Ассистент нес свой мешок и дощечки, что-то немелодично насвистывал, назад не оборачивался. Мирра шла тихонько, как кошка за мышью. Затевать ласковый разговор в коридоре не имело смысла. Выглянет на шум какой-нибудь профессор, тот же Логинов, не дадут поговорить по душам.
А в курилке – в самый раз. Не сбежит.
В маленькой голой комнате никого не было. Когда Мирра вошла, Клобуков сидел в кресле нога на ногу, раскуривал трубку. Надо сказать, что с усами-бородкой, да с трубкой, он выглядел не таким обмылком, как тогда, в новогоднюю ночь. У некрасивого мужнины волосяной покров на лице выполняет ту же функцию, что косметика у женщины. Усы, хоть пока и коротенькие, прикрыли прохейлию верхней губы, щетина компенсировала слаборазвитую подбородочную мышцу. (Подобные вещи Мирра отмечала автоматически – выработала в себе эту полезную для дела привычку.)

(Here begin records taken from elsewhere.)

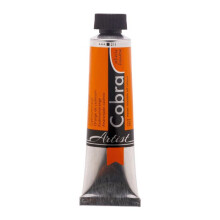 Oil Paint - Cobra - Cadmium Artists - Orange - Tube 40ml - Watermixable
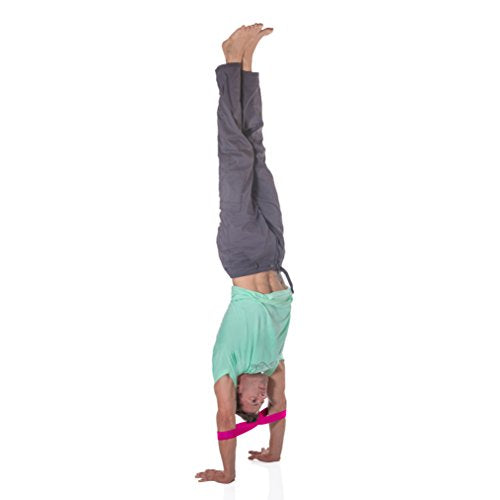 Infinity Yoga Strap for Stretching - Stretch - color: Sunburst, size: Medium 16"-19"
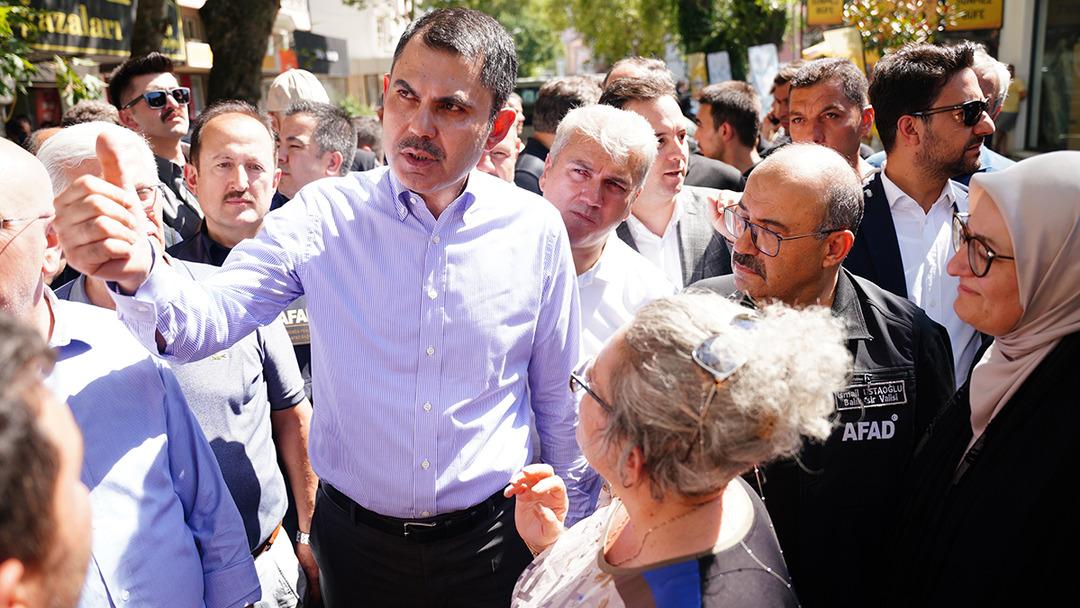 Bakan Kurum Sındırgı depreminde hasar gören köyleri ziyaret etti! "Hedefimiz konutları 1 yıl içinde tamamlayıp teslim etmek"  4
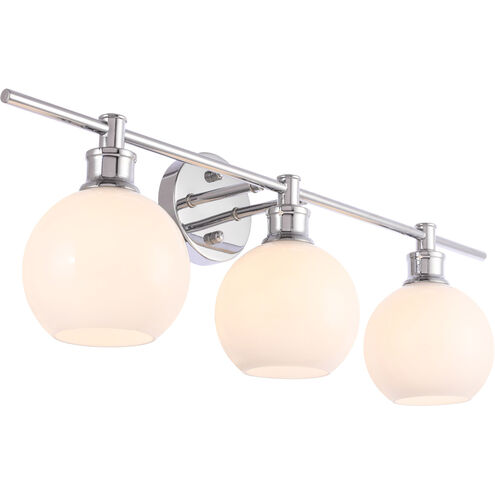 Syracuse 3 Light 28 inch Chrome Wall sconce Wall Light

– Здра-асьте, – протянула она. Поскольку мещанской привычки здороваться у Мирры не имелось, если она говорила кому-то «здрасьте», это было не приветствием, а чем-то вроде артподготовки. – Зачем же вы мне набрехали, гражданин Клобуков? Сам, значит, воевал у Буденного, а мне наплел про Врангеля? По-вашему, это смешно?